This repo contains code for our paper End-to-End Navigation with VLMs: Transforming Spatial Reasoning into Question-Answering.
For a brief overview, check out the project webpage!
For any questions, please contact Dylan Goetting.
Overview of our navigation framework
We present a novel framework to transform a Vision and Language Model (VLM) into an end-to-end navigation policy. Unlike traditional navigation approaches that separate perception, planning, and control, our method uses a VLM to directly select actions in one step. This open-ended approach allows zero-shot navigation without prior exposure to navigation-specific data, generalizing to various downstream navigation tasks.

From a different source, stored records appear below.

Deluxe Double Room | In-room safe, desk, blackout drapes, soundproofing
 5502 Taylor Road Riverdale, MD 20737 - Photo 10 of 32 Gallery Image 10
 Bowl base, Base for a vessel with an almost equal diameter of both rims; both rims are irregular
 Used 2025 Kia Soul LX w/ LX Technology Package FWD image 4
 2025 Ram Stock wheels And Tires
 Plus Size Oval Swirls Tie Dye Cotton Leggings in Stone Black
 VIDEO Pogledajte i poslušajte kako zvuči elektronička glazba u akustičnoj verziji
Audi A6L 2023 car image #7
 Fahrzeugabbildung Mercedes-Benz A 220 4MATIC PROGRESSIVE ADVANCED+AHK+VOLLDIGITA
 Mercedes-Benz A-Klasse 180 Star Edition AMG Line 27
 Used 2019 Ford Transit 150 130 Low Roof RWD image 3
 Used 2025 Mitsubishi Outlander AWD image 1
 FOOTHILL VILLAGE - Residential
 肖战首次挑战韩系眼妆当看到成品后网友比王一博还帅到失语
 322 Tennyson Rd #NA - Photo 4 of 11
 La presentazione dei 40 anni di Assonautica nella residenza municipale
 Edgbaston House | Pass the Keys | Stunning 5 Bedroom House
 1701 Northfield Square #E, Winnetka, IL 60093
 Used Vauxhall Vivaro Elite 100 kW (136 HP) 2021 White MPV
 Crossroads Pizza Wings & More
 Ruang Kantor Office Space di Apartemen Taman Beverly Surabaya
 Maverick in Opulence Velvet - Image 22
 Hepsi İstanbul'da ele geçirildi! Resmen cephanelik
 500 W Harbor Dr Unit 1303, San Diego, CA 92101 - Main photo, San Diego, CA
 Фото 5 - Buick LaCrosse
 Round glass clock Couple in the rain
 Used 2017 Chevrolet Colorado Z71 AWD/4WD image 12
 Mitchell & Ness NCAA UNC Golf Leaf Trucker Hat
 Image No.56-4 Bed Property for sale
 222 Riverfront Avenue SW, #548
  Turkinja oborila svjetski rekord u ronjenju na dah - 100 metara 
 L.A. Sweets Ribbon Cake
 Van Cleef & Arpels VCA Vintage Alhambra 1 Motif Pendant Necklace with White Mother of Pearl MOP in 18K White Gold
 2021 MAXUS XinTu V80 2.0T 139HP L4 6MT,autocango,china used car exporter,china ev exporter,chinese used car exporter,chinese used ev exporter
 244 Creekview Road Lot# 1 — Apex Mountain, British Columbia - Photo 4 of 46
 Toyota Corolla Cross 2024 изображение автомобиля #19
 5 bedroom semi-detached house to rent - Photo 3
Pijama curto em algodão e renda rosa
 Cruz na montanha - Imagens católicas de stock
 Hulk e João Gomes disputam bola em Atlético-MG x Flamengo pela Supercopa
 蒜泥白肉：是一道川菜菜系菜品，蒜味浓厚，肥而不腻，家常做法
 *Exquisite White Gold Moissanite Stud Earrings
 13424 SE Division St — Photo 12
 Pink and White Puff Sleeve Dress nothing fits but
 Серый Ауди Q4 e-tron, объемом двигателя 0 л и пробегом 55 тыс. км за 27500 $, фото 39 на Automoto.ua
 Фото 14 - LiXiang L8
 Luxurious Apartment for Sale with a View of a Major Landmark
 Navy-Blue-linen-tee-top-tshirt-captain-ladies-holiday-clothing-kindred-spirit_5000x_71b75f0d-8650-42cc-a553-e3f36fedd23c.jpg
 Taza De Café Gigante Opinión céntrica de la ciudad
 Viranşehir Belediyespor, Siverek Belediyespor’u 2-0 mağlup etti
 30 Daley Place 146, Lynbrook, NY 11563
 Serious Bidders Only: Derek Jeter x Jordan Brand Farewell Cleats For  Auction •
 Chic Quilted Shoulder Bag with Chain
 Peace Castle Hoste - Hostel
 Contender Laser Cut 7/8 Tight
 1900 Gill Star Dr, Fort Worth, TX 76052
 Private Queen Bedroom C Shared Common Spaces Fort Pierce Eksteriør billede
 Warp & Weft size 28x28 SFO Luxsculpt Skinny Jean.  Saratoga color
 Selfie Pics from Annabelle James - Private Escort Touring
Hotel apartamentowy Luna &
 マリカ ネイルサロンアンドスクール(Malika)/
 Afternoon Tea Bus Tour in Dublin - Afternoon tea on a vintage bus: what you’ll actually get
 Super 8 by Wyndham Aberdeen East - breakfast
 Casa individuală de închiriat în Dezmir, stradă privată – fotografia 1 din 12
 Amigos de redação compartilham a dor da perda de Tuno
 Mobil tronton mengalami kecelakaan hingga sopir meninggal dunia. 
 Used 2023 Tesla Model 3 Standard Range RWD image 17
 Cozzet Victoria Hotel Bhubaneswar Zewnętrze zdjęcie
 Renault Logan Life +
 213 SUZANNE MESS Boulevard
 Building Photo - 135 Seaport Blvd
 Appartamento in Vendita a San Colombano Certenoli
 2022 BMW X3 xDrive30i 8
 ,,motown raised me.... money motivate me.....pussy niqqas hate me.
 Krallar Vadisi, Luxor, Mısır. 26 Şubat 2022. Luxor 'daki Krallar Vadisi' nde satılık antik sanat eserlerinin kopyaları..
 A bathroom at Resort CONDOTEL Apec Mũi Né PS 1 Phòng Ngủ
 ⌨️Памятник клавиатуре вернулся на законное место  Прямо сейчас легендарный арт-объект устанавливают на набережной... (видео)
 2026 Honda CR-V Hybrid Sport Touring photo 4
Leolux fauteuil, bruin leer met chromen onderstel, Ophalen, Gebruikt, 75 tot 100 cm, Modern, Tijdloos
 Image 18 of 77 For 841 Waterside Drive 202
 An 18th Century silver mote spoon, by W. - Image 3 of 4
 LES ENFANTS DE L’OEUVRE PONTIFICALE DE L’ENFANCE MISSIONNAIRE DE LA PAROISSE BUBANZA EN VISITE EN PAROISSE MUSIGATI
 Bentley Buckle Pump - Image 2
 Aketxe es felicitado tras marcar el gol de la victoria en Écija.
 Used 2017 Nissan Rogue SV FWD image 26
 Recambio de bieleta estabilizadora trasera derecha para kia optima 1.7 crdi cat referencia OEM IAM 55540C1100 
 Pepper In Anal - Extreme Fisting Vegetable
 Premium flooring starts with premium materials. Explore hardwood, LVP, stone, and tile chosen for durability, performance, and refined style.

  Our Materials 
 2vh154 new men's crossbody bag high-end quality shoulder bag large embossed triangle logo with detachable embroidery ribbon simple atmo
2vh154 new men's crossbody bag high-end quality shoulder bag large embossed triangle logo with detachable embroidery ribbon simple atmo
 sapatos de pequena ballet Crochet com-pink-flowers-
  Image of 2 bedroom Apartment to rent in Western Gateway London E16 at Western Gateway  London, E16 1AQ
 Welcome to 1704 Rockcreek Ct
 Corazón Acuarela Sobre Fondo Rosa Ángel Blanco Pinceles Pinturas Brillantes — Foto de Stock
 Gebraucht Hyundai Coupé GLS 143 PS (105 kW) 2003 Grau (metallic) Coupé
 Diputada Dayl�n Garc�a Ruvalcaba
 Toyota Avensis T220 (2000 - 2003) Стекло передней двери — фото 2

Our method comprises four key components:
- Navigability - Estimating distances to obstacles using a depth image.
- Action Proposer - Determining a set of actions that avoid obstacles and encourage exploration.
- Projection - Projecting potential actions into the first-person view.
- Prompting - Selecting an action through a carefully crafted prompt, utilizing the VLM.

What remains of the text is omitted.